Kurt-Christian Stier (3 February 1926 – 31 July 2016) was a German violinist and concertmaster.

== Life ==
Born in Gütersloh, Stier, son of a pianist and piano teacher, had his first violin lesson at the age of seven. He studied for two years at the Niedersächsische Musikschule Braunschweig and was already at the age of 16 years a substitute in symphony concerts, in opera and operetta performances at the Staatstheater Braunschweig.

After wartime service, he returned from US captivity with serious illness.

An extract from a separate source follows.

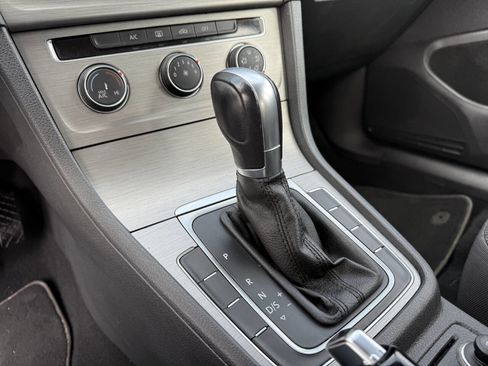 Used 2016 Volkswagen Golf S image 21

He studied at the Hochschule für Musik Detmold, where he passed his Abitur and the supplementary pedagogical examination, and at the Hochschule für Musik und Tanz Köln with Willibald Roth, Max Strub and Wilhelm Stross among others.

From 1952 to 1961, he was second violinist in the Stross Quartet and on many concert tours at home and abroad. In 1954, he came to Munich and was active in the Richter-Orchestra and the Münchener Bach-Chor. In 1958, he joined the Bavarian State Orchestra, where he was 1st violinist and from 1960, concert master under the conduct of Josef Keilberth. In Richter's Münchener Bach-Chor he was First Concertmaster for 25 years and gave concerts worldwide He also accompanied numerous solo musicians. He was co-founder and first violinist of the Munich String Quartet.

Since 1966, he had a teaching position at the Hochschule für Musik und Theater München, which appointed him professor for violin in 1975. He was also Vice-President of the later Hochschule für Musik München.

Stier was a long-standing member of the board of the Munich Tonkünstlerverband and its first chairman from 1983 to 1997. He was also chairman of the regional committee until 2004 Jugend musiziert.